Wednesday, May 09, 2012

The burden of making sense.

It's after 2am. The T.V. is on and I'm not even watching it. When did silences start making me so nervous? Silences and the dark. I'm going to eco hell. I'm not sure what I'm afraid of.

I tire of the burden of making sense. I keep waiting for things to be neat in my head. They will not be.  I'm swindling myself.

Life is not particularly reasonable. I'm scared of what will happen if I stop being scared of not making sense for at least as long as it takes me to put hand to laptop. If I just let go.  If I just leap full-weight into the gumbo of memory and trauma. If I just tell my stories. If my thoughts quit stalling and finally get naked. What forces in me will be unleashed?

I'm a little bit embarassed about my recent posts, not because of my opinions, which I'm pretty sure are the same, but because they're about my opinions. Opinions are important but they seem so small once they're out of your head. And then you're just waiting to see who'll agree. Which is also important, but small. Everybody thinks this and that about everything.  I'm so tired. I want to write about more than that. 

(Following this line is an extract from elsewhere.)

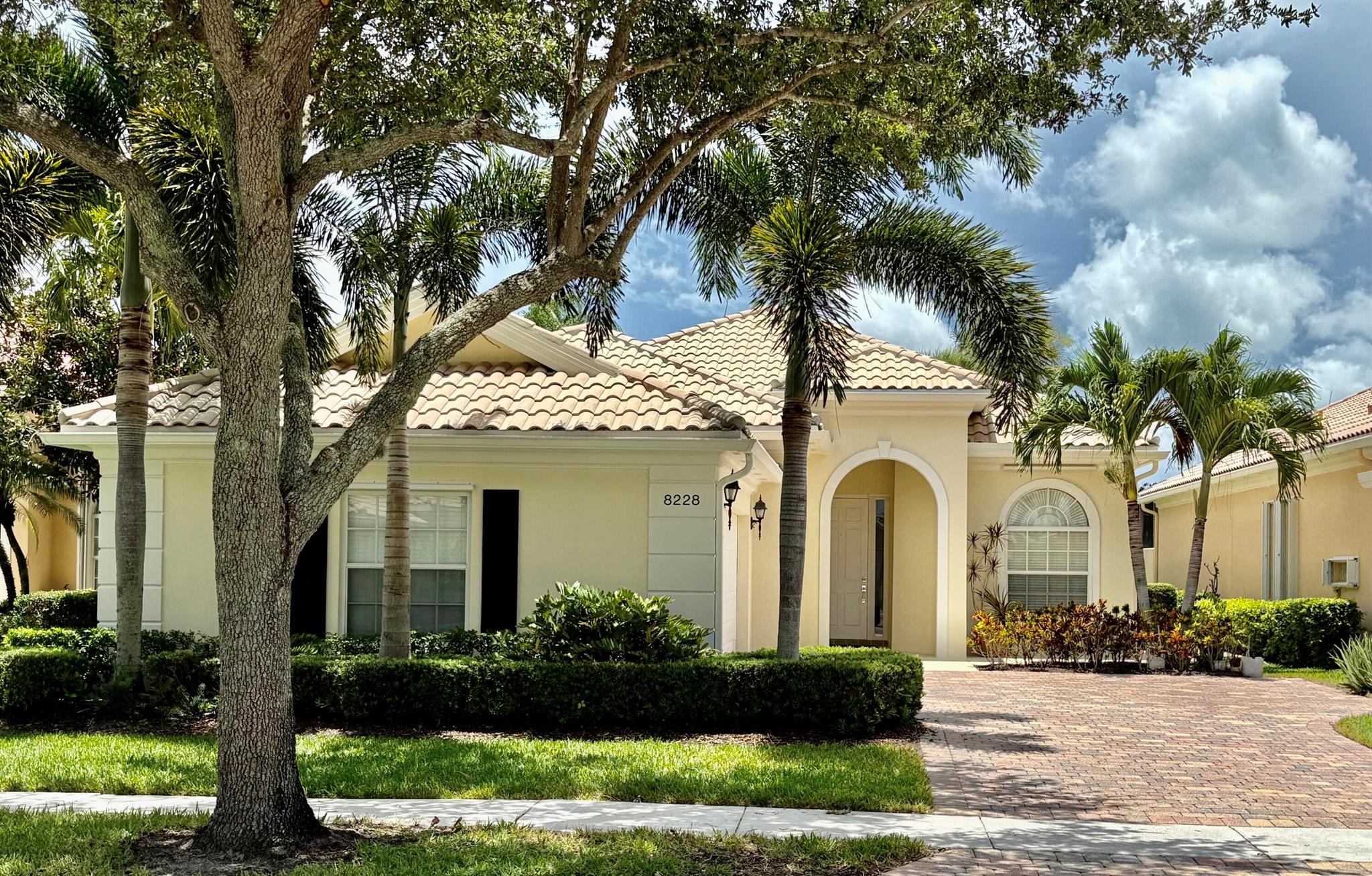 8228 Xanthus Lane Wellington FL 33414 | R11107357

People aren't their opinions, are they? The opinions are just clothes, and underneath a mysterious, miraculous body firing with thousands of simultaneous processes, histories, tics, insecurities, projections, terror. I'm more interested in that.  I look at my son's face sometimes and I can't fathom it, how much design there is in that face, and how that compares to the anaemia of my thoughts.

If we could just look at each other like that, see that design, see that beauty and terrible vulnerability, what kind of world would it be, if we didn't see what people thought but what they were?